There is a critical question to be answered before we go any further: are these two variables, R and A, independent, or is there some correlation? To answer this, we can plot runs scored and allowed against one another. If they are correlated, we should see a diagonal shape, and if not, we should see a big splat:
It looks pretty splattish to me, and, the mean correlation coefficient across all 2015 teams is 0.0336285. This is very close to zero, so we can conclude that runs scored and runs allowed are not correlated, i.e. that they are independent processes. In other words, the amount of runs a team scores in one game has no influence on the amount of runs they allow. This is nice, because it makes the calculations easier.

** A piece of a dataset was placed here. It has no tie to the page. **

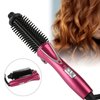 Curling Iron Brush, Folding Electric Hair Curler Heated Curling Wand Styler Hot Comb Brush Ceramic Coating Portable Hair Dressing Beauty Tool for Home Professional Salon(American standard (110-240V))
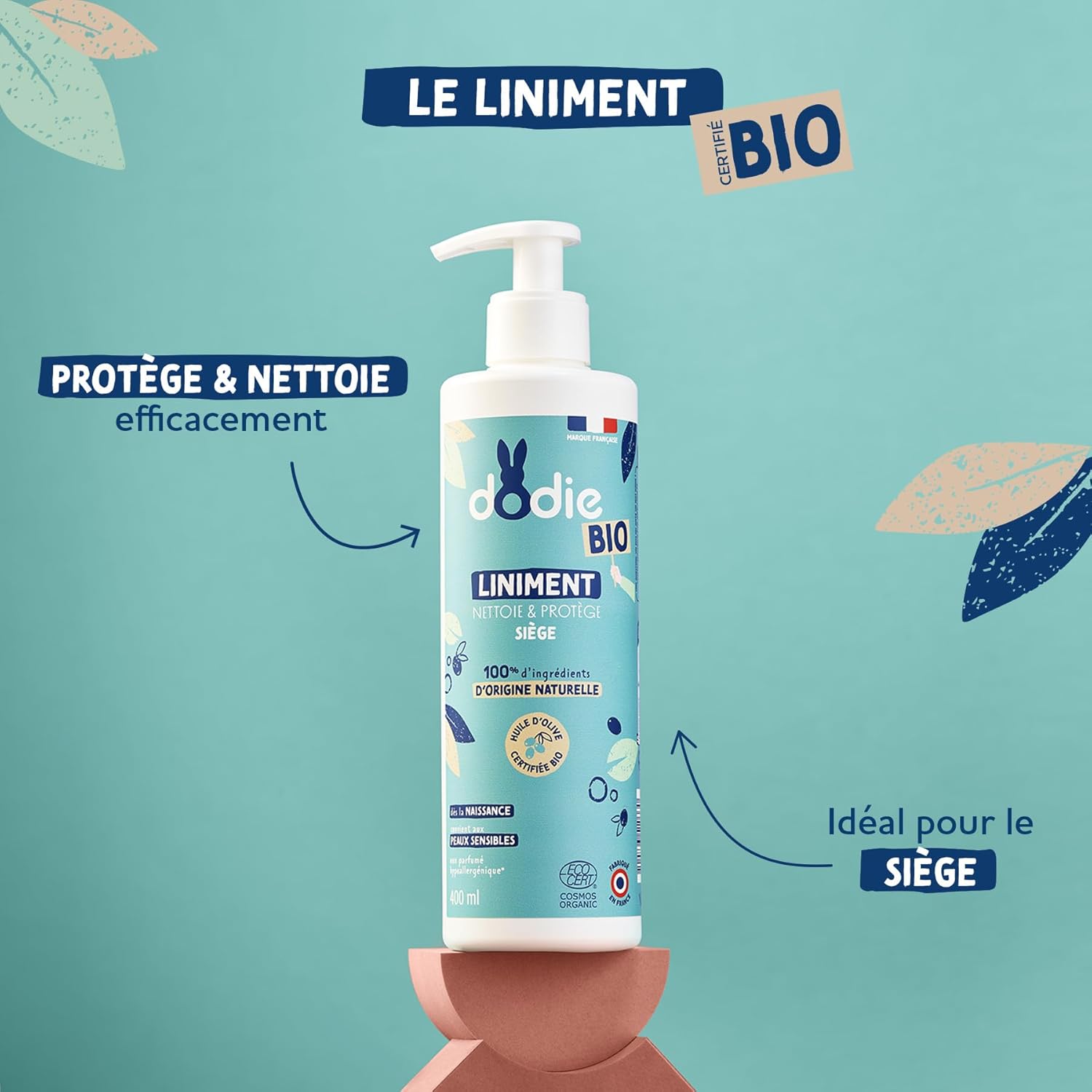 Detalle de Dodie Liniment Oléo-calcaire Bio 400 ml — soin nettoyant et protecteur dès la naissance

One way to interpret this result is that runs allowed depends mostly on the opponents; the team’s defense may shift the average tendancy up or down, but the result on any given day depends on how well their opponents are hitting.
I’m going to develop my own metric, as followed. First, we’ll assume R and A are random variables that have the exact distributions as the record of the 2015 season – in other words, we take what actually happened as a real measure of the team’s offense and defense – but unlike the 2015 season in which specific values of R and A are paired together, we let these two variables float indepedently. We take 162 samples of these variables to simulate a regular season and figure out the final winning percentage. The result of this will be an alternate-universe version of what might have happened in the 2015 season had the dice landed differently. We do this many times and eventually we see a range of outcomes. The average winning percentage across all of these universes will be our new metric.
It’s straightforward to do such a simulation – we just build an empirical distribution from the 2015 data, sample it, and mark a win if R is greater than A. One caveat: ties are not allowed in baseball, so if we land on a tie, we’ll throw it away and try again. Let’s simulate 10,000 seasons from the 2015 data. I’ll mark a winning percentage of 0.5 with a dashed line, and the actual 2015 performance with a solid line.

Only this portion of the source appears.